Maka mulai dikembangkan lagi model pesawat NC-212, CN-235, dan N-219
yang diperuntukkan bagi keperluan sipil. Agar perusahaan dapat berjalan, tentunya
masalah finansial harus diselesaikan. Sepanjang tahun 2003 hingga 2007, ditemukan
bahwa PT. DI memiliki utang-utang pajak juga utang untuk operasional perusahaan.
Langkah pertama yang dilakukan adalah audit oleh BPK dan lembaga pajak.
Kemudian utang ke pemerintah juga diselesaikan melalui konversi utang menjadi
modal.

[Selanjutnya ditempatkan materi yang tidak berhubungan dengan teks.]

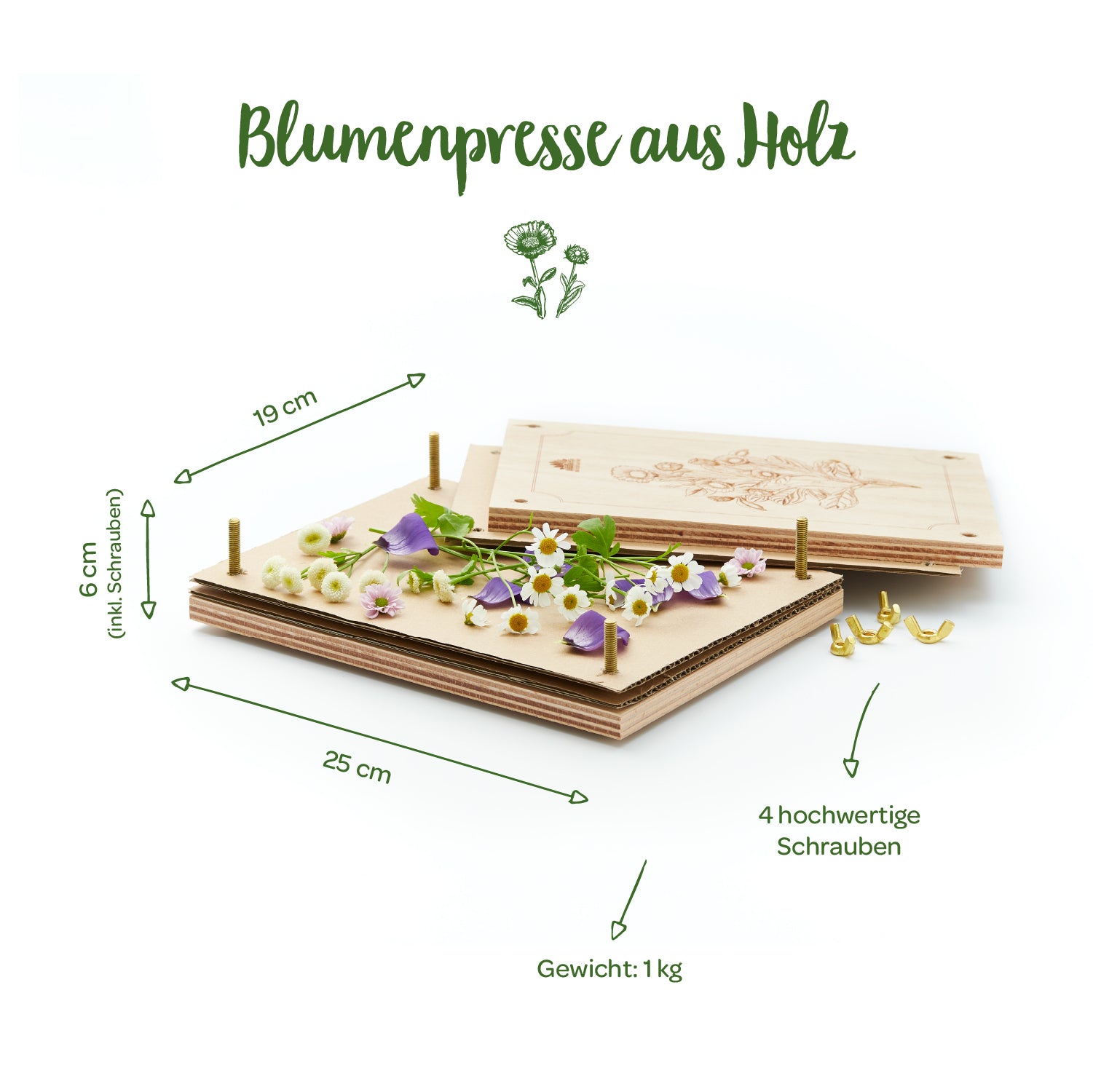 Holz-Blumenpresse mit aufliegenden Blumen und Maßen (25 cm x 19 cm x 6 cm), vier Schrauben und einem Gewicht von 1 kg.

Langkah-langkah perubahan ini mulai menunjukkan hasil. Walaupun
masih merugi, namun nilai defisit perusahaan menurun dari tahun ke tahun. Pada
tahun 2009, PT. DI mencatat kerugian sebesar Rp 157 milyar, namun pada tahun
berikutnya turun menjadi Rp 126 milyar (Tempo, 2011). Sayangnya, pada tahun
2011, kerugian perusahaan ini justru meningkat lebih besar dari tahun 2009, yaitu
sebesar Rp 356,52 milyar (detikfinance, 2012). Untuk menyelamatkan PT. DI dari
kebangkrutan lagi, pemerintah mengutus Perusahaan Pengelola Aset (PPA) untuk
melakukan restrukturisasi perusahaan dalam bidang keuangan. Melalui PP No.

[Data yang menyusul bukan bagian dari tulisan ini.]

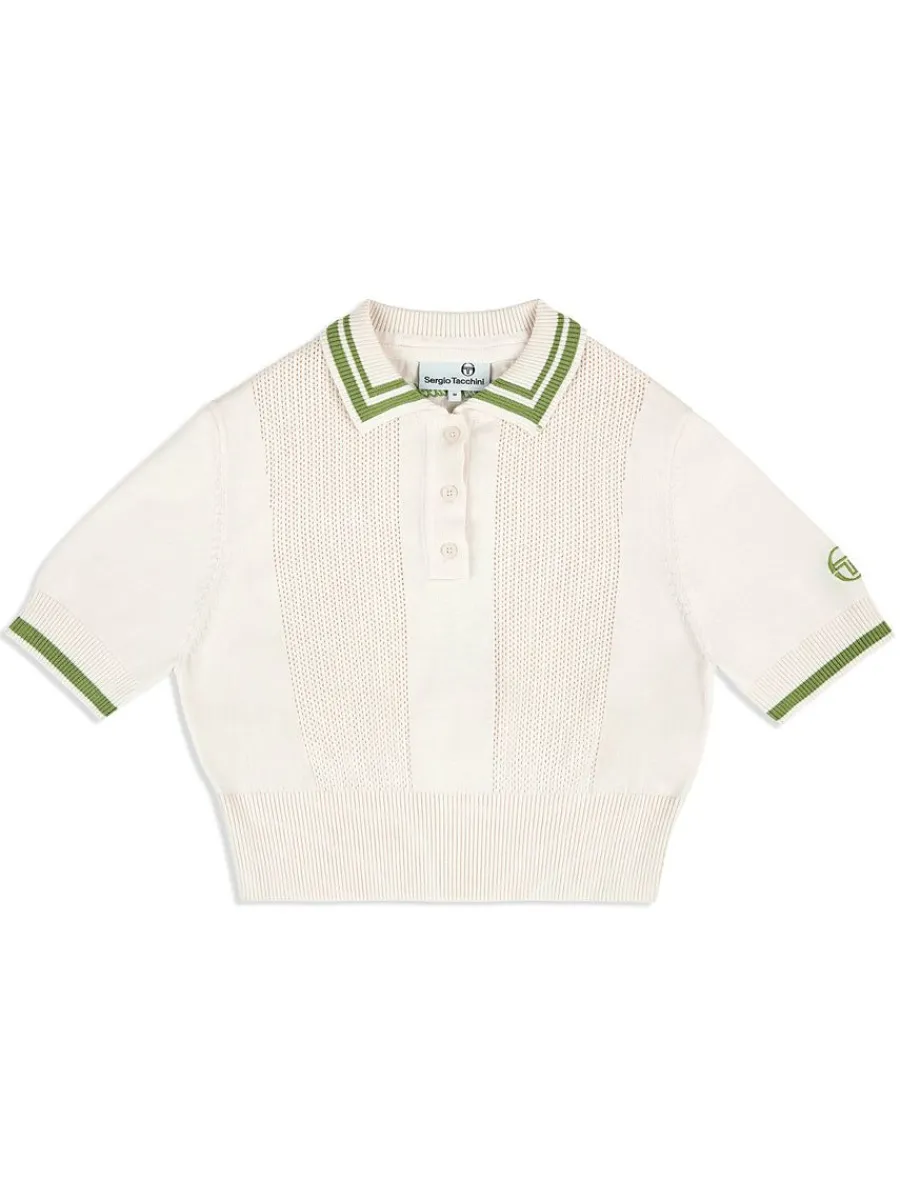 Sergio Tacchini Perla Knit Cropped Polo- Gardenia Sale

70 Tahun 2012 yang ditandatangani oleh Presiden SBY, PT. DI mendapatkan
suntikan dana pemerintah sebesar Rp 1 trilyun. Seperti efek bola salju, aliran modal
pemerintah ini mengundang kepercayaan konsumen luar negeri bahwa PT. DI
telah bangkit. Hingga kini PT. DI dipercaya sebagai pemasok utama komponen
pesawat perusahaan Airbus. Hal ini juga mengembalikan citra perusahaan di
dunia industri pesawat internasional dengan keberhasilannya bermitra dengan
salah satu perusahaan produsen pesawat terbang terbesar di dunia. Bahkan
Airbus telah memutuskan untuk memindahkan pabrik pesawat C-295 dari
Spanyol ke Bandung (Antara News, 2013). Selain dengan Airbus, PT. DI
menandatangani kontrak kerja sama sebagai perusahaan subkontrak dengan
Eurocopter Family, CTRM, dan Korean Air. Selain perusahaan luar negeri, PT.

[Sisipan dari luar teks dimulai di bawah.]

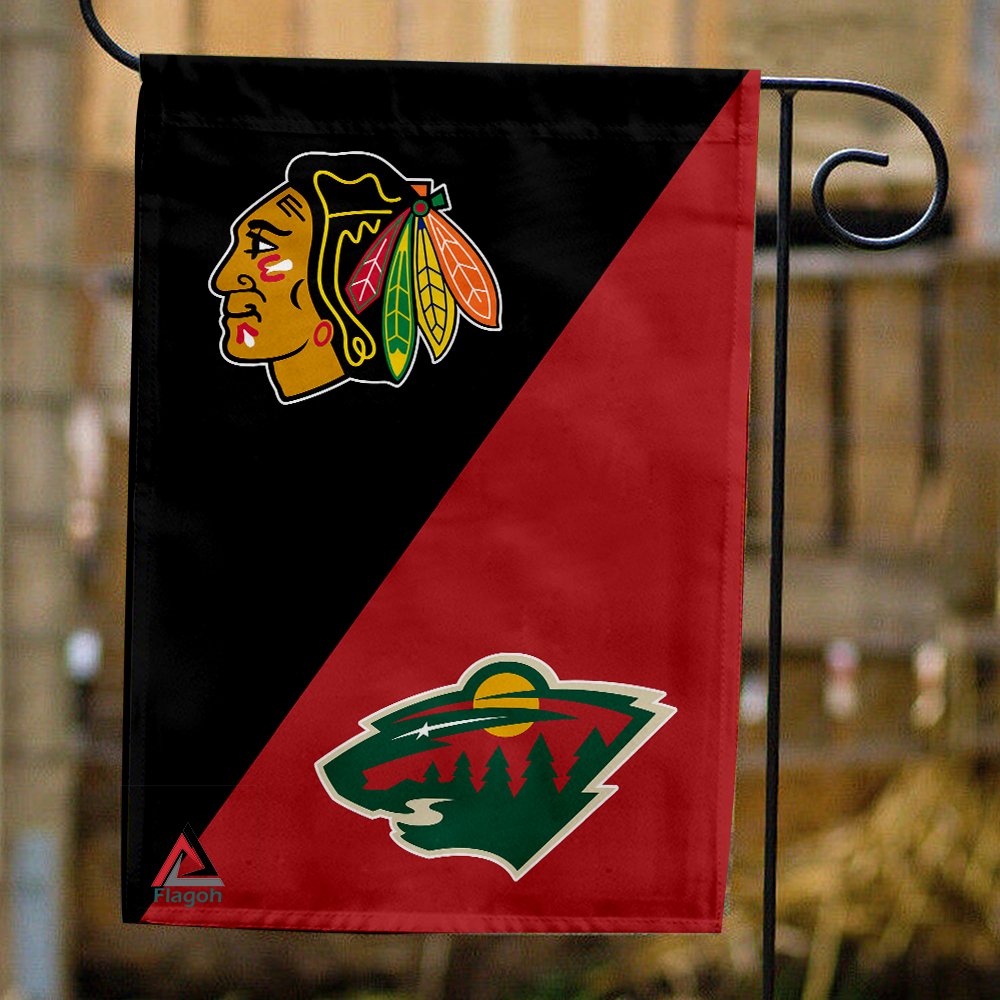 Blackhawks vs Wild House Divided Flag, NHL House Divided Flag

DI juga berhasil menjalin kesepakatan dengan perusahaan penerbangan dalam
negeri, yaitu Lion Air, yang, yang telah membeli 100 unit pesawat penumpang
19 kursi, yaitu N-219 (Vivanews, 2013). PT. DI sendiri juga melakukan
restrukturisasi dan revitalisasi dalam bidang organisasi, SDM, teknologi informasi,
permesinan, dan lain-lain. Langkah-langkah yang dilakukan antara lain
peremajaan dan pembelian fasilitas permesinan, perekrutan dan resdiposisi
sumber daya manusia, modernisasi sistem informasi teknologi (IT), proses
perampingan bisnis, serta pengembangan produk pesawat terbang agar tetap
kompetitif di pasar (Vivanews, 013). Penyertaan modal oleh pemerintah telah
digunakan oleh PT. DI untuk membeli mesin-mesin baru. Mulai tahun 2010,
telah dilakukan perekrutan pegawai baru secara bertahap, baik untuk insinyur
penerbangan maupun operator mesin. Sistem IT yang digunakan sekarang
adalah Enterprise Resources Planning (ERP) dengan keunggulan data lebih
akurat, visibilitas dan kontrol lebih baik, dan aliran data lebih mulus di antara
seluruh unit dalam perusahaan, dibandingkan dengan sistem sebelumnya,
Integrated Resources Planning (IRP). Sebanyak 18 unit bisnis perusahaan kini
dilebur menjadi empat unit saja, meliputi aircraft integration, aircraft services,
aerostructure, dan technology and development. Produk pesawat yang kini
dikembangkan adalah pesawat CN-235-220, pesawat CN 295, pesawat NC-212-200,
helikopter BELL-412 EP, helikopter NAS-332C1, helikopter EC 725, dan helikopter
AS 365 N3. Program restrukturisasi ini menunjukkan hasil positif, yaitu dengan
dicatatnya keuntungan bersih senilai Rp 40 milyar pada akhir tahun 2012.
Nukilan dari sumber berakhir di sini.